Re:

From: Nick Piggin
Date: Tue Sep 09 2003 - 21:35:07 EST




John Yau wrote:

Your mechanism is basically "backboost". Its how you get X to keep a
high piroirity, but quite unpredictable. Giving a boost to a process
holding a semaphore is an interesting idea, but it doesn't address the
X problem.


Hmm...I'm actually curious why you called it "backboosting". In academia
this approach first described in the paper here:

L. Sha, R. Rajkumar, and J. P. Lehoczky. Priority Inheritance Protocols: An
Approach to Real-Time Synchronization. In IEEE Transactions on Computers,
vol. 39, pp. 1175-1185, Sep. 1990.

is referred to as priority inheritance. Is there significant difference
between your implementation and priority inheritance schemes implemented in
other OSes?
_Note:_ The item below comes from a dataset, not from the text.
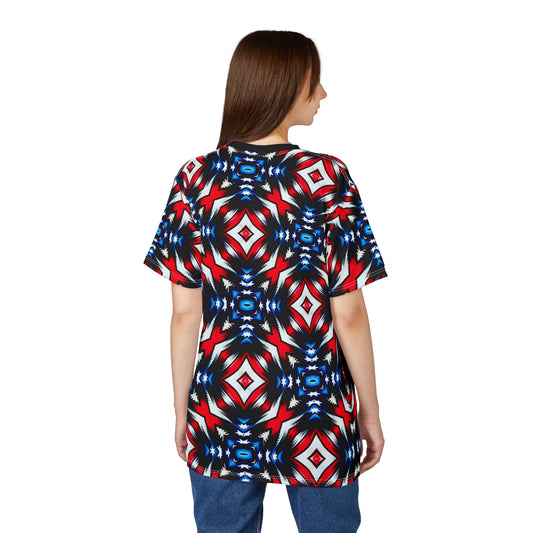 Women's Red White Blue Geometric Pattern All-Over Print Unisex Cut & Sew Tee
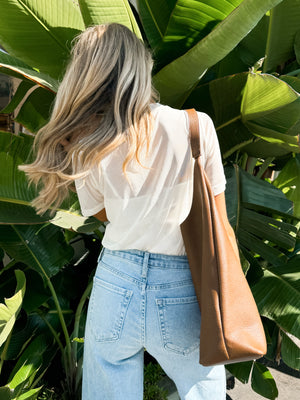 On The Edge Mesh Top in Cream - Stitch And Feather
If so, why backboosting?


Well I haven't read the paper, but I'm guessing this is semaphore
priority inheritance.


I was under the impression that pipes and IPC in general are synchronized
using some sort of semaphores/mutex...or does Linux use a different
mechanism for IPC and does away with user space synchronization all together
(e.g. flip-flop buffers with the kernel arbitrating all contention)? IIRC
processes don't write to X directly and has to send data to X via IPC. If
some futex derivative is used to synchronize the producers with X, then
making priority inheritable futexes would solve the problem.


I _think_ communication with X will mostly be done with waitqueues.
Someone has a priority inheritance futex patch around. I'm not sure
that it is such an open and shut case as you think though. Even if you
could use futexes in communication with X.


The scheduler in Linus' tree is basically obsolete now, so there isn't
any point testing it really. Test Con's or my patches, and let us know
if you're still having problems with sir dumps-a-lot.


Okay enough said, you and Con should get your patches merged into that tree
ASAP if they're ready.



I think Con's is ready (I think mine is as well, but nobody else does!)